The saga begins with the wedding of Mukesh Ambani’s daughter, Isha Ambani Piramal. It then goes back to talk about the patriarch of the family and the founder of the empire, Dhirubhai Ambani. Ambani hails from the Indian state of Gujarat. Instead of working for others, Gujaratis mainly ply their own businesses. Many of the motels and hotels in America are owned by Gujaratis.
Dhirubhai's quest to become someone took him to Aden (now in Yemen) in the fifties. He worked first as a gas station attendant there, and then was promoted to a clerical job. He returned to India with Indian Rupees 50,000, an enormous sum in those days, in his pocket. That he could save so much money in the relatively petty jobs that he held in Aden is testament to his frugality. His older son, Mukesh, was born in Aden.
Upon his return to India, Dhirubhai started a business exporting spices. His family was now his wife, Kokilaben; two sons, Mukesh and Anil; and two daughters. All of them lived crammed in a two-room chawl (best described as a shared house, similar to the projects in Paris, only the Ambanis shared the single communal bathroom with a hundred other families) in Mumbai. Imagine that! And now the Ambanis, just 40 years later, live in the most expensive house in the world, the storied 27-storey Antilia, built in one of Mumbai's most posh neighbourhoods and staffed with 600 servants. I am sure their servants have more hygienic facilities than from where the Ambanis originated.
Dhirubhai died in 2002. When he died, he was worth over $6 billion. India had never seen a Horatio Alger rags-to-riches story like his. From spices he expanded to polyester to petrochemicals and then to oil and gas. Dhirubhai certainly had the nous for entrepreneurship, but he also played the system and bent the rules furiously. He grew close to the country's prime minister, Indira Gandhi, and finance minister (later president) Pranab Mukherjee. Dhirubhai famously said that his biggest customer was no one else but the Indian government.

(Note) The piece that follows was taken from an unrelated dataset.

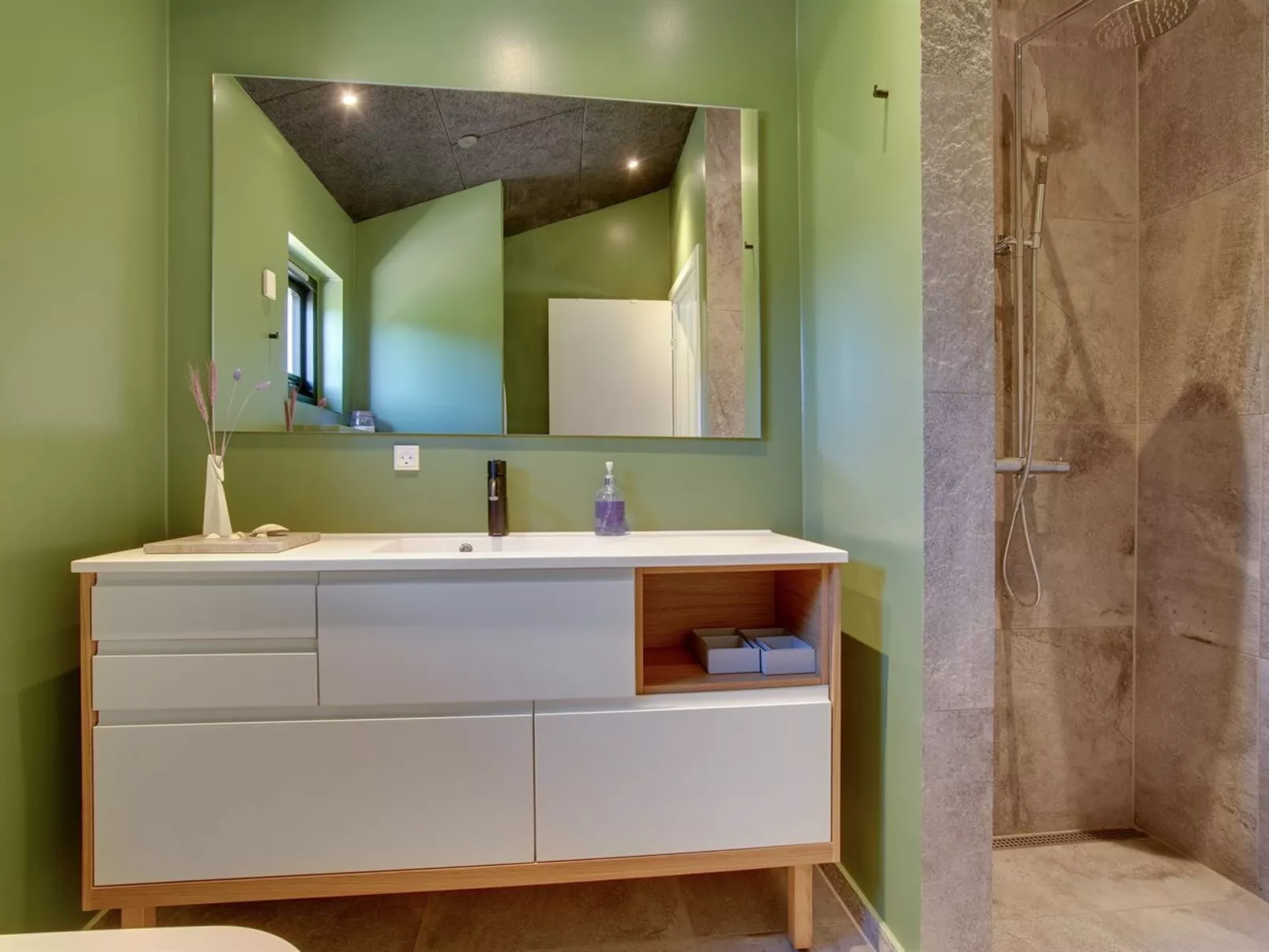 "Ileana" -  from the sea-Drinnen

He married his older son, Mukesh, to Nita, and the younger son, Anil, to Tina. As is customary in an orthodox Gujarati family as his, both the brides were Gujarati. Nita he saw at a dance appearance where the petite danseuse was performing Indian classical dance. He was taken in by her looks—fair and pretty—fairness of course almost being a sine qua non for prettiness in India. He invited her home to meet his son, Mukesh.

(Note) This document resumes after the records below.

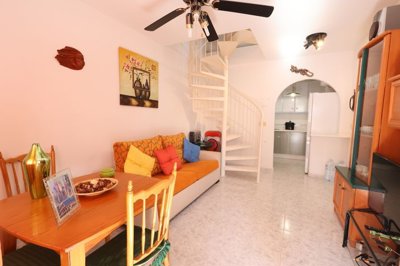 49114topfloorapartmentwithaprivatesolarium220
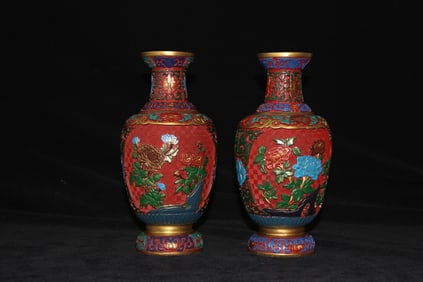 Lacquer-painted vase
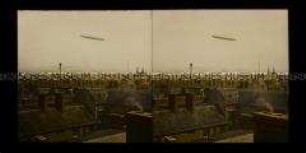Publikum auf den Dächern beobachtet Zeppelin, Berlin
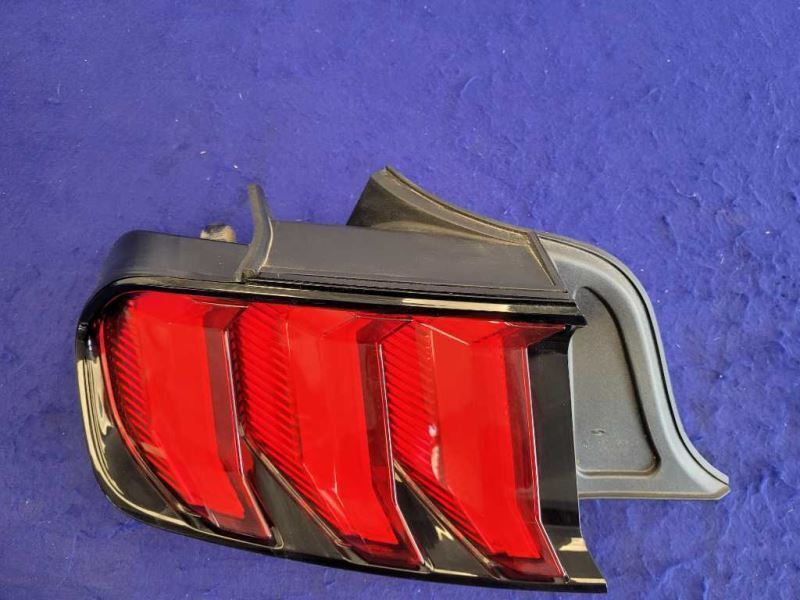2018-2023 Ford Mustang GT S550 Driver Left LH Taillight Lamp Brake Lens 2186 - The Parts Farm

Mukesh of course had no choice in the matter. If his father approved of a girl, he just had to go along for the ride. So he took Nita on a ride in the family's old Fiat car on a road adjacent to Mumbai's seafront. Those were the days of socialism in India; even if you were rich, you did not show it. How this would change twenty-five years later! The Fiat stalled midway, and the suitor and the suited had to hail a taxi, another Fiat, back home.
Anil's case was different. Nita came from a conservative middle-class Gujarati family and therefore automatically fit into the Ambani household. Anil had no shortage of eligible brides willing to betroth him, but his heart was set on the film actress, Tina Munim. Tina was a rebel even by the standards of an Indian woman of today. After relationships with other actors that she never concealed, she went on to live with a still-married much older superstar of yore, Rajesh Khanna. Anil was not fazed by Tina's past, but Dhirubhai was.
After Anil refused to marry anyone else for years, Dhirubhai finally relented. In an Indian joint family (where the parents and the siblings live in one house), after the sons' marriage, the mother-in-law traditionally cedes control to the elder-most daughter-in-law. Dhirubhai's wife, Kokilaben, therefore did the same with Nita. Tina felt suppressed and never really felt part of the family. How could she, with Nita being such a control freak, as she was to prove later. But it was still strange that two Gujarati sisters-in-law living in the same household would not get along, especially since the two brothers, Mukesh and Anil, were so chummy with each other.
Nobody knew the goings-on in the Ambani household while Dhirubhai was still alive. All of the friction was stowed away from public eye. But the moment Dhirubhai died in 2002, and he died without a Will, tensions within the family spilled over. The brothers fought, the mother brokered a truce and split the empire. Nita decided that she wanted to move out of the old family home. Mukesh gave an interview to the New York Times in which he criticized Anil. Anil promptly slapped a defamation suit against his brother.
The Ambanis then accounted for about 3 percent of India's overall GDP, and the Indian government was desperate that their empire not flounder. Mukesh took over the main petrochemical business and left everything else for Anil. At the time of parting, both brothers were worth over $30 billion each and were among the richest people in the world. Mukesh today is worth close to $50 billion but Anil just less than a billion.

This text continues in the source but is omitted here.